The COIL-100 dataset [13] includes 100 different objects; 72 images of each object were taken at pose intervals of 5\(^\circ \). We evaluated retrieval with clear and heavily distorted queries using Gaussian noise and motion blur. The imnoise function of Matlab, with standard deviation \(sd=0.012\), was used to generate additive Gaussian noise (GN) while motion blur (MB) was made by fspecial with parameters \(len=15\), and angle \(\theta =20^\circ \). Some examples of the queries are shown in Fig. 2.

For different tests different numbers (2, 4, 6, 8) of hidden states were generated by equally dividing the full circle. Each state was represented with its average CEDD descriptor vector.

To estimate the relative orientation of the camera we used the same built in IMU (Inertial Measurement Unit) sensor as in [4] with around 4.5\(^\circ \) average absolute error with a 5.25\(^\circ \) variance. The evaluation of our method with textured and varying backgrounds is for future work.

Fig. 2.
figure 2

First three lines: clear samples from COIL-100. \(4^{th}\) line: example queries loaded with Gaussian additive noise. \(5^{th}\) line: example queries loaded with motion blur.

Fig. 3.
figure 3

First graph: average hit-rate with clear samples from COIL-100. Second graph: queries loaded with Gaussian additive noise. Third graph: queries loaded with motion blur.

4.2 Hit-Rate

The hit-rate of retrieval is measured by taking the average of 10 experiments with all 100 objects with randomly generated queries (the orientation angle of subsequent queries were increased monotonically). As shown in Fig. 3 for different quality queries, as the number of queries increases the hit-rate increases monotonically. It is also true that higher number of states gives better results. We tested no more states than 8, where it reached the maximum performance in most cases.
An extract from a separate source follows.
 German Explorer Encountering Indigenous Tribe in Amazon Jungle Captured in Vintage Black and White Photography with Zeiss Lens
For comparison with the method of [4] we included the best results of the Voting Candidates algorithm denoted by VCI. There is an obvious 2–6% gain over VCI observable. Please note, that the same visual descriptors and orientation sensor was used by VCI in previous tests.

4.3 Running Time and Memory Requirements

Tests were run on a Samsung SM-T311 tablet equipped with Android 4.2.2 Jelly Bean, 1 GB RAM, and ARM Cortex A9 Dual-Core 1.5 GHz Processor. No code optimization or parallelism was carried out and only the CPU was used during calculations. As given in Table 1 even for 8 queries the whole processing chain is within 1 second on the specified mobile computing hardware. This is a fraction of the complexity of VCI [4].
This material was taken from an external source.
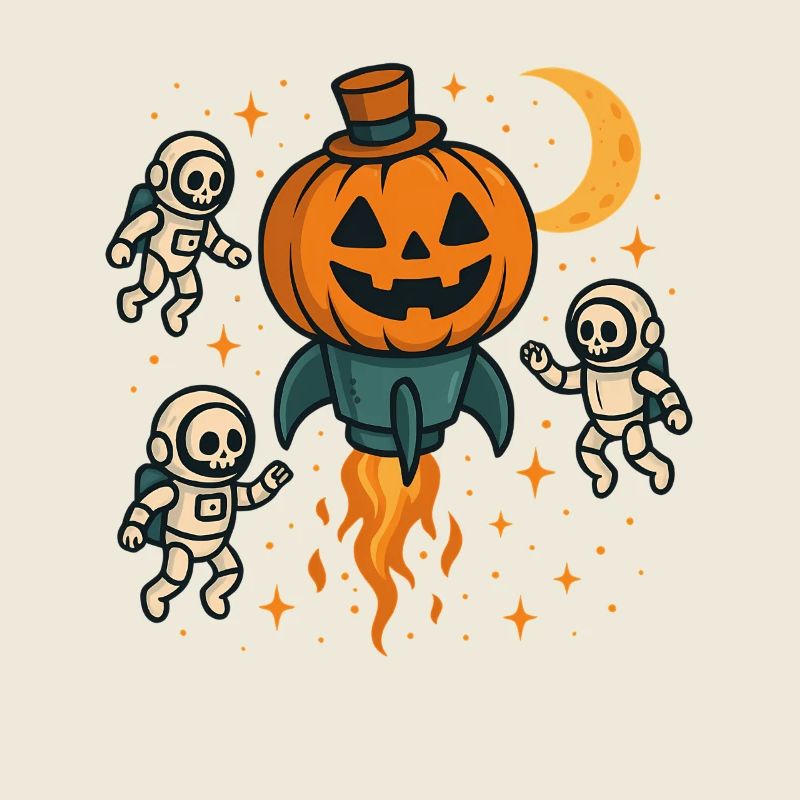 Halloween Rocket Pumpkin in Space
The advantage of using compact descriptors is the very limited memory requirement of object models. A CEDD descriptor occupies 144 Bytes in memory and orientation can be stored in 4 Bytes. For 100 objects and 8 states we need to store roughly 120 KB (100 \(\times \) 8 \(\times \) 148 Bytes).

Table 1. Running times in seconds for the retrieval of one object from 100.

5 Summary

The main purpose and contribution of our paper is twofold:

  • building a bio-inspired object retrieval framework with Markovian inference and multimodal information fusion in a viewer-centric model, and

  • showing that its implementation is robust and resource efficient to be used in mobile devices.
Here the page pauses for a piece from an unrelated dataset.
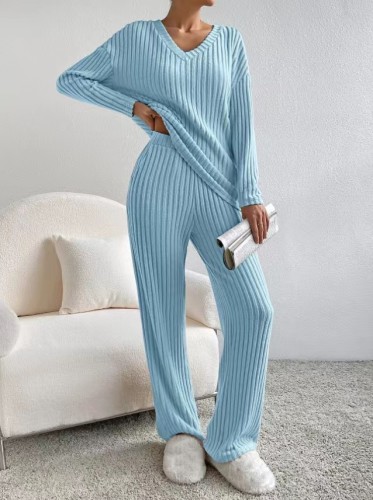 Women's Fall Winter 2Piece Set V-Neck Long Sleeve Knitted Pullover and Long Straight Pant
We presented our first results over a dataset of 100 3D objects with 7200 views using clear and noisy queries. While results are better than with our previous model, still there is a lot to do: we are developing a clustering technique to build optimal states instead of the uniformly distributed states and should work also on automatic object segmentation and tracking.